Elections in Cuba, for 470 deputies there are 470 candidates, including 91-year-old Raul Castro

Cubans are voting today in elections for a new composition of the National Assembly for the next five years. In these elections, as reported by Index.hr, there are no surprises because there are 470 candidates for 470 parliamentary seats, but the decisive factor will be the turnout, which has been decreasing in recent years.
Eight million voters are called to elect 470 candidates of which 263 are women and 207 are men, mostly members of the Cuban Communist Party (the only party in the country) for 470 seats in the Assembly.
Polling stations close at 18:XNUMX p.m. (midnight CET), and voting is optional.
Voters can circle one or more candidates in the electoral unit or circle "all candidates" on the list, which means they vote for all 470 proposed names.
Half of the candidates are appointed by the current deputies, and the rest by the municipal councils.
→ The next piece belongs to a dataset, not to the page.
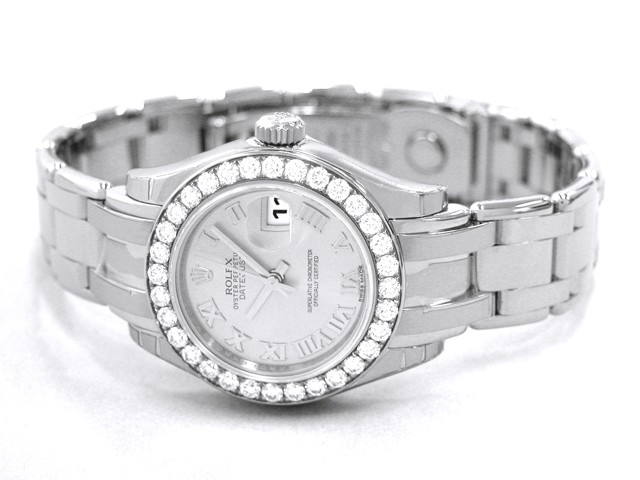 ロレックススーパーコピー ROLEX パーペチュアル デイトジャスト レディース 80299 グレーローマ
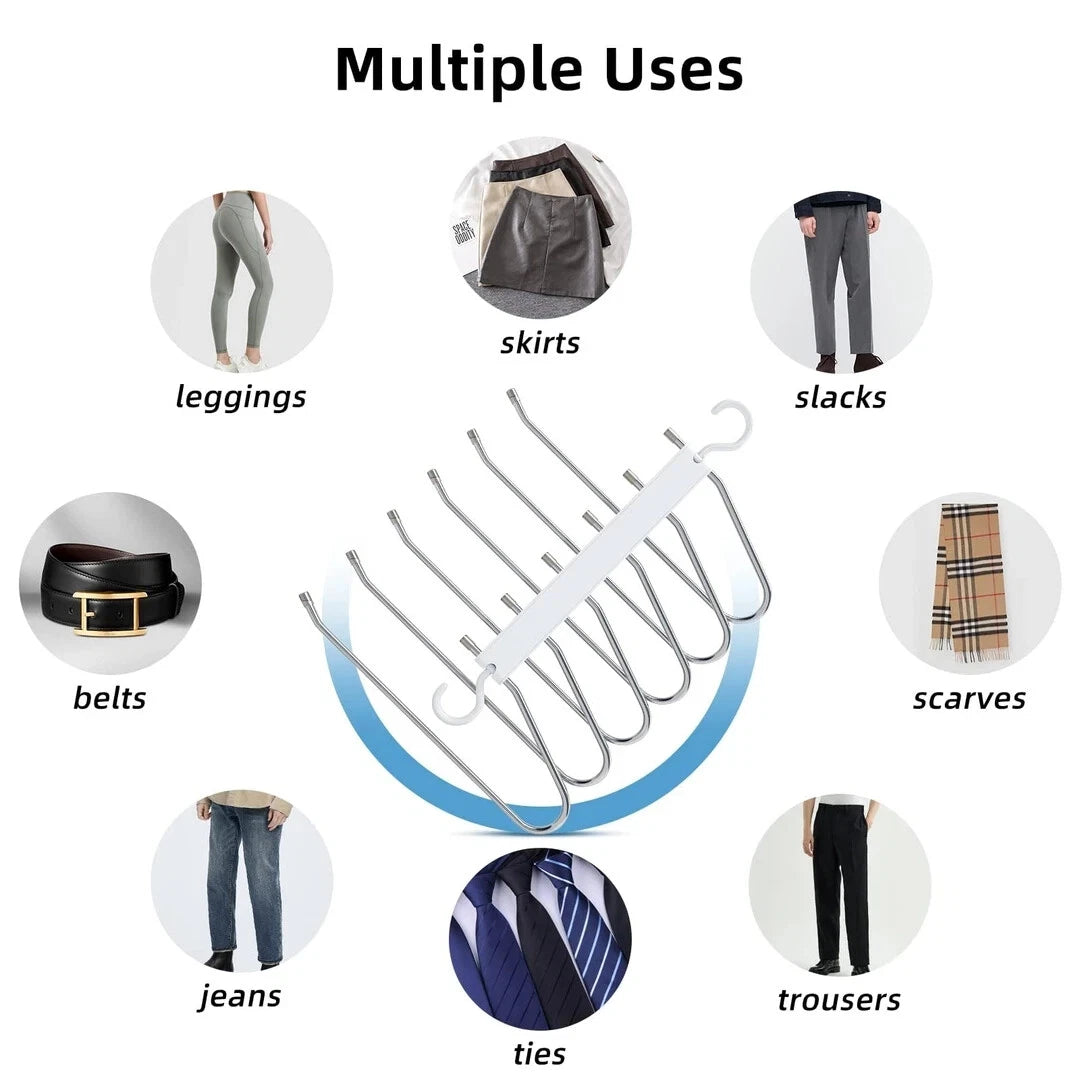 Heavy duty multi layer trouser hanger rack for durable use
Among the candidates are President Miguel Diaz-Canel (62) and former President Raul Castro (91).
Otherwise, the elections are being held at a time when Cuba is going through the most severe economic crisis in the past more than 30 years, with galloping inflation and an unprecedented migration wave, which was affected by the pandemic, the tightening of the American embargo and the structural weaknesses of the domestic economy.